Find the line with "Single mandarin with leaf isolated" in the entries below, then reproduce it and every line after it down to and including the line with "kitchen with gray", exactly.

(Records excerpted from a collection)
══════════════════════════════

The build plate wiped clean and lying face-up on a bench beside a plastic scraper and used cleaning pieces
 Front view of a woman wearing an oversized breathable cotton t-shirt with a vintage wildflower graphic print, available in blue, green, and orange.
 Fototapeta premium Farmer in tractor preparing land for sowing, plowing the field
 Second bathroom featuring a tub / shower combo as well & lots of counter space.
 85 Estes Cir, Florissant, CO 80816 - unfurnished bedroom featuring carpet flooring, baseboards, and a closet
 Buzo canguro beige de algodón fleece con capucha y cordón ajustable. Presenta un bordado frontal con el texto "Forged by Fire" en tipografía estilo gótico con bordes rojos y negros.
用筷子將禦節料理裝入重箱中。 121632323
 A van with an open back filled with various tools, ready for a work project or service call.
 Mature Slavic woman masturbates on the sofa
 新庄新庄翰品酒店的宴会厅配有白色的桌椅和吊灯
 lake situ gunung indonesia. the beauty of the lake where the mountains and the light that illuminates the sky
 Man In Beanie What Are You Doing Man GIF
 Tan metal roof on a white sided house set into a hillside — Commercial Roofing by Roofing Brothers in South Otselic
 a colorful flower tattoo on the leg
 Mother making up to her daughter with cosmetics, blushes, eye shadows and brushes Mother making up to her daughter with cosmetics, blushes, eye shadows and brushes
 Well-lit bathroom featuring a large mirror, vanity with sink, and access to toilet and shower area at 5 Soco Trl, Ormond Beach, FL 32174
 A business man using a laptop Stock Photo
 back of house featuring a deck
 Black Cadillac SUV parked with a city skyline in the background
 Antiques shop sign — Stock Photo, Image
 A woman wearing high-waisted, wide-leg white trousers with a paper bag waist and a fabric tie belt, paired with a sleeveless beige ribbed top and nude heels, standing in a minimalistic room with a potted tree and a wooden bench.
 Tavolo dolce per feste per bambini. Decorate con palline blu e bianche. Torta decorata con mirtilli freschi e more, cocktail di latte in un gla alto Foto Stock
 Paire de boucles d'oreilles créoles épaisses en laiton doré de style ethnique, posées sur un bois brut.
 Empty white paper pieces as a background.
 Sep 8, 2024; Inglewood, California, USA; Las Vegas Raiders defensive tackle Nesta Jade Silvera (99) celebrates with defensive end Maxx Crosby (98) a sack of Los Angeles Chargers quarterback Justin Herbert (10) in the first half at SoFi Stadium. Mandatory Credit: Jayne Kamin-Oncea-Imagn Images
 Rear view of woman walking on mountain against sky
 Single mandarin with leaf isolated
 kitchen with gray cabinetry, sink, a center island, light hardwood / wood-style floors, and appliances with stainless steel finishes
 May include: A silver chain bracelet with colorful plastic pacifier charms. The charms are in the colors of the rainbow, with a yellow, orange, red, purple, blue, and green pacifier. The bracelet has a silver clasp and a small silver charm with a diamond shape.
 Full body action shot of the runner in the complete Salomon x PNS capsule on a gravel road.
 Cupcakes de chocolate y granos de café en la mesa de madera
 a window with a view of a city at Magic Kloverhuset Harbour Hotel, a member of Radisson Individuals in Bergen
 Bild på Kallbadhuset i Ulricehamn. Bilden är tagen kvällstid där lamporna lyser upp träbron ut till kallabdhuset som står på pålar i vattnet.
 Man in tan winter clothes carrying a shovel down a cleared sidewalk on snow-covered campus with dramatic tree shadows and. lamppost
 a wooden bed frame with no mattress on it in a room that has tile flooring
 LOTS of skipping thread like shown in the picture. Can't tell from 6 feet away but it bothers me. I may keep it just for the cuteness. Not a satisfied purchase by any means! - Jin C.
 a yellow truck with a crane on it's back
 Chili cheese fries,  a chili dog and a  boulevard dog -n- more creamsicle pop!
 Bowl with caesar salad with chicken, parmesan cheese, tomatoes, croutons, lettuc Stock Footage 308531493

══════════════════════════════

#### Exercise solution:
 Single mandarin with leaf isolated
 kitchen with gray cabinetry, sink, a center island, light hardwood / wood-style floors, and appliances with stainless steel finishes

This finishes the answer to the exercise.